3. build with: ./BUILD/compile-pentium64-valgrind-max

4. run the following test case (lets call it rpl_sanity):

--source include/have_debug.inc
--source include/master-slave.inc
--source include/have_binlog_format_row.inc

call mtr.add_suppression('\'Sanity check failed\', data_len: 105, event_type: 15');

CREATE TABLE t1 (a INT NOT NULL PRIMARY KEY, b VARCHAR(10), c TEXT);
INSERT INTO t1 VALUES (1, 'a', NULL);
sync_slave_with_master;
source include/stop_slave.inc;
connection master;
UPDATE t1 SET c = REPEAT('a', 20);
DELETE FROM t1 WHERE a= 1;

-- connection slave
SET GLOBAL debug="+d,read_log_event_fail_sanity";
START SLAVE;
let $slave_sql_errno= 1593;
--source include/wait_for_slave_sql_error.inc
SET GLOBAL debug="-d,read_log_event_fail_sanity";
--source include/stop_slave.inc

--connection slave
--source include/start_slave.inc
--connection master
sync_slave_with_master;
let $diff_table_1= master:test.t1;
let $diff_table_2= slave:test.t1;
--source include/diff_tables.inc

--connection master
SET GLOBAL debug= "";
DROP TABLE t1;
--sync_slave_with_master
SET GLOBAL debug= "";

-- exit

  mysql-test$ perl mtr --valgrind --valgrind-options="--gen-suppressions=all --show-reachable=yes" rpl.rpl_sanity.test

5. Observe valgrind reporting errors:

   "Use of uninitialised value of size 8"
    ...

Env details
===========

  - gcc: gcc (Ubuntu/Linaro 4.4.4-14ubuntu5) 4.4.5
  - valgrind: valgrind-3.6.0.SVN-Debian
  - os: Linux diso 2.6.35-22-generic #35-Ubuntu SMP Sat Oct 16 20:45:36 UTC 2010 x86_64 GNU/Linux

Suggested fix:
.

Thank you for the report.

Verified as described.

Pushed into mysql-trunk 5.6.1-m5 (revid:alexander.nozdrin@oracle.com-20101129111021-874if2qsp0i8d5ze) (version source revid:alexander.nozdrin@oracle.com-20101129111021-874if2qsp0i8d5ze) (merge vers: 5.6.1-m5) (pib:23)

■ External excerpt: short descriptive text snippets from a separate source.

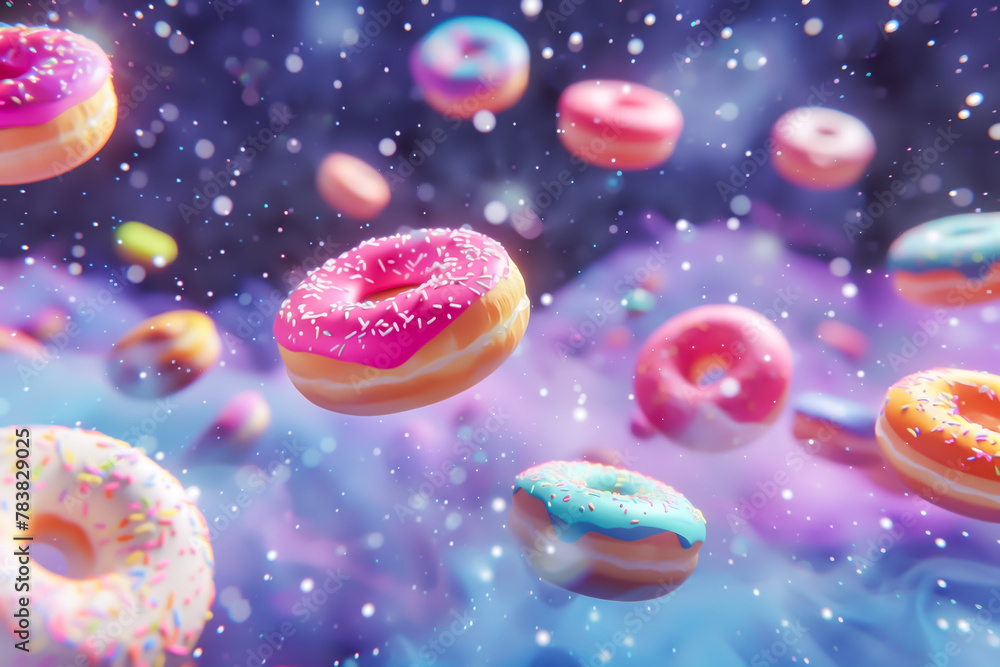 National Donut Day concept. Enchanting donut galaxy where colorful donuts float in a starry space, bringing a sense of wonder and deliciousness.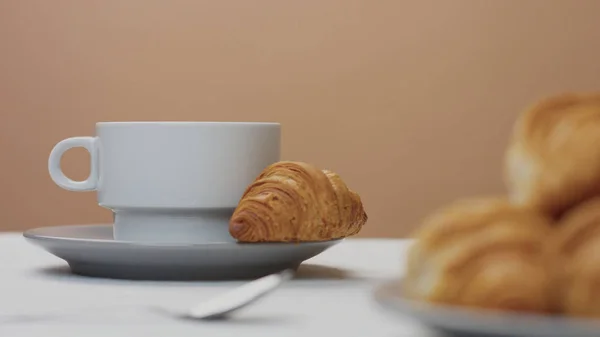 Morning breakfast table with white cup — Stock Photo, Image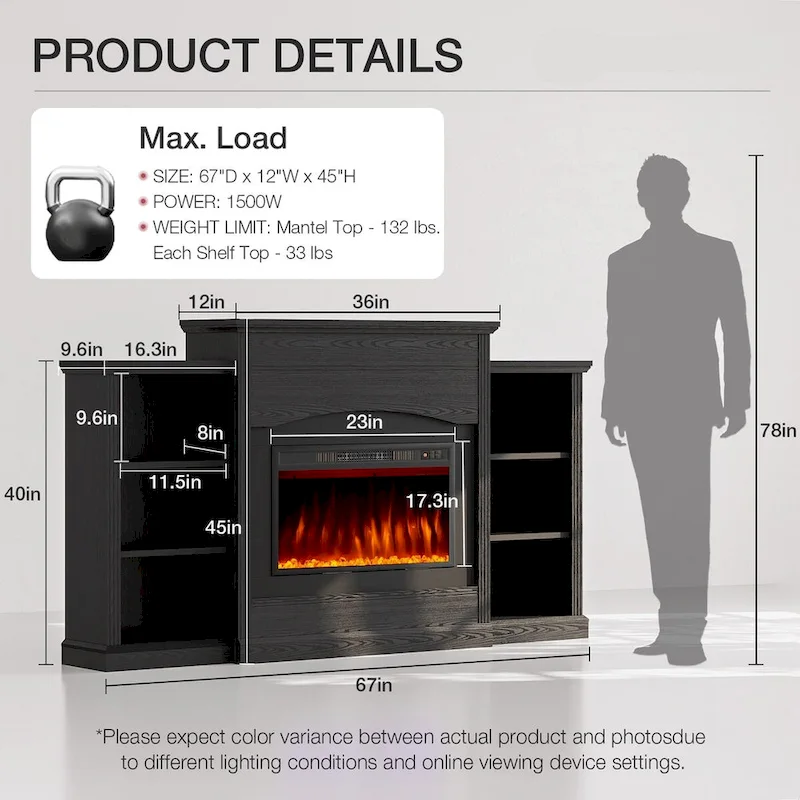 Electric Fireplace with 67  Mantel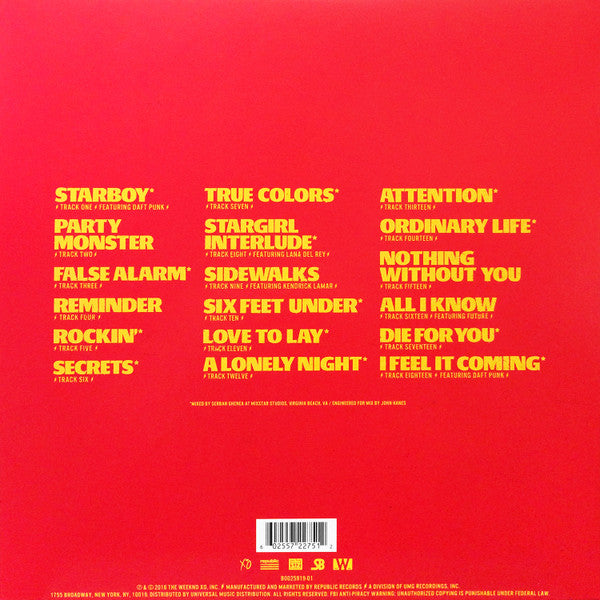 The Weeknd - Starboy - Mint- 2 LP Record 2017 Republic XO Red Translucent Vinyl - R&B / Neo Soul / Hip Hop - Shuga Records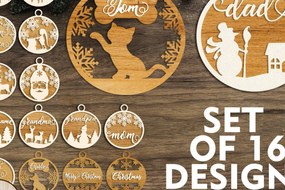 Σετ των 3 Intra απο ξύλο plywood 3mm-4mm πάχος ΧΡΙΣΤΟΥΓΕΝΝΙΑΤΙΚΑ Μπιχλιμπίδια 's File Δίασταση 4x4 cm INTRAFABR-19973751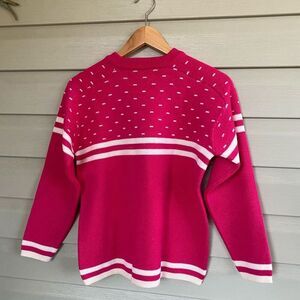 PROFILE Vintage SKI sweater 80s Pink Kidcore gorpcore sz M RARE MINT
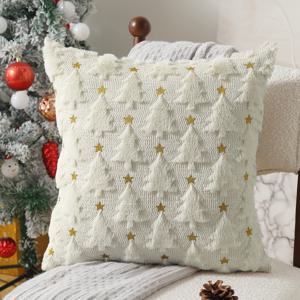 TEMU 1개 크리스마스 트리 플러시 인조 퍼 쿠션 커버 - 레드 화이트 그린 베개 지퍼 포함, 소파 침대용 부드러운 겨울 장식, 현대적인 크리스마스 트리 (베개 내장 불포함)|베개커버|소파|쇼파커버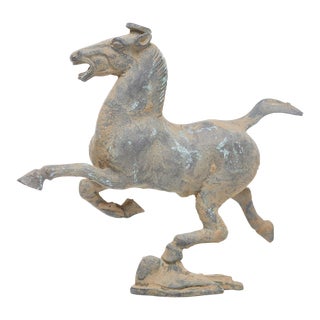 Lawrence & Scott Verdigris Bronze Galloping Horse on Flying Swallow Sculpture For Sale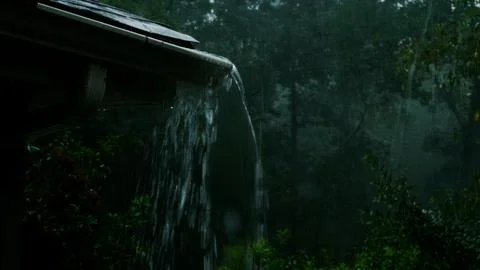 Rain Surging over Gutter in Residential Home 10 Stock Photos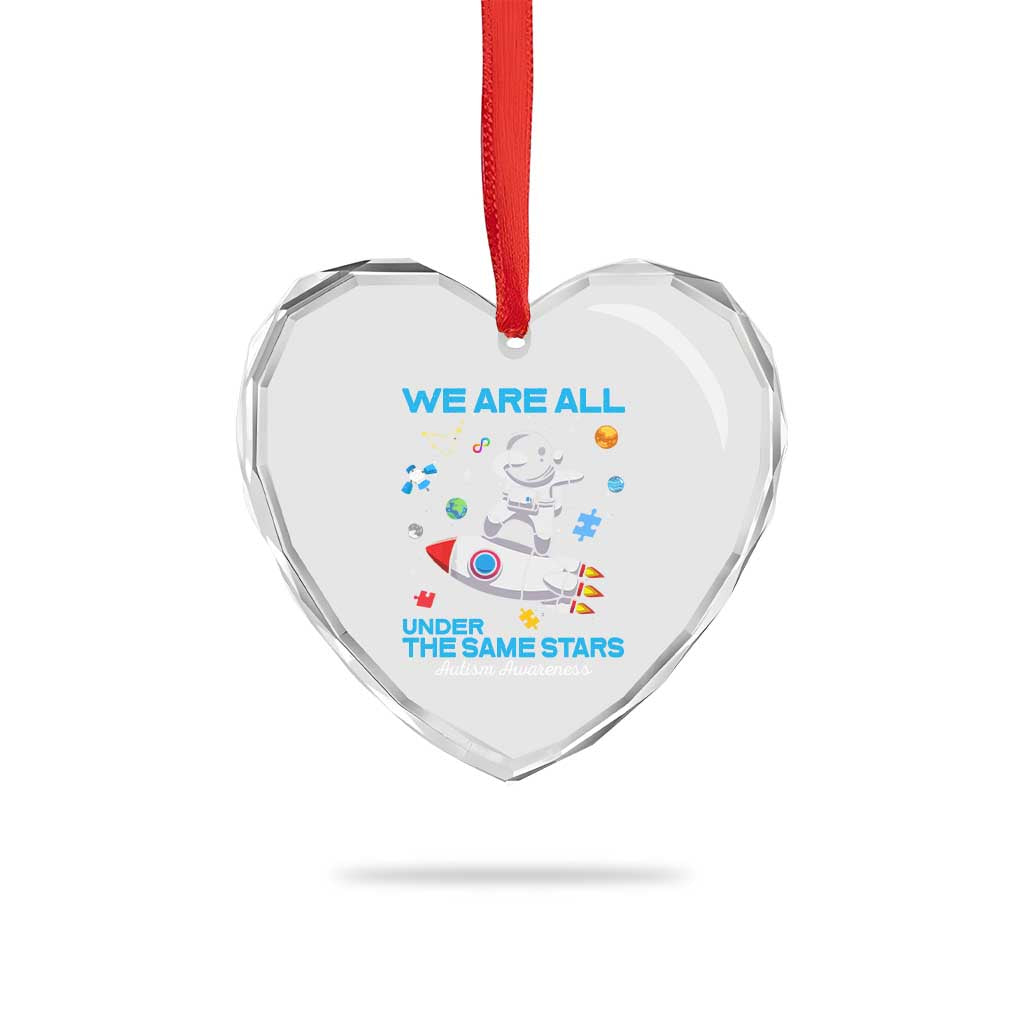 Autism Acceptance Heart Crystal Glass Ornament We Are All Under The Same Stars TS10 Print Your Wear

A patch for this bug has been committed. After review, it may
be pushed to the relevant source trees for release in the next
version. You can access the patch from:

  http://lists.mysql.com/commits/126806

3422 Luis Soares	2010-12-14
      BUG#58129: Valgrind error when sanity check fails in read_log_event
        
      The DBUG_DUMP instruction was being called with wrong pointer and
      wrong length.
        
      Fixed it by deploying two calls to DBUG_DUMP, one for the blob 
      field itself and another to print the blob value.

Queued in mysql-trunk-bugfixing.

Pushed into mysql-trunk 5.6.1 (revid:georgi.kodinov@oracle.com-20101217125013-y8pb3az32rtbplc9) (version source revid:mats.kindahl@oracle.com-20101215103340-a0wp0yq8t4byel1o) (merge vers: 5.6.1) (pib:24)

Does not appear in any release; no changelog entry necessary. Closed.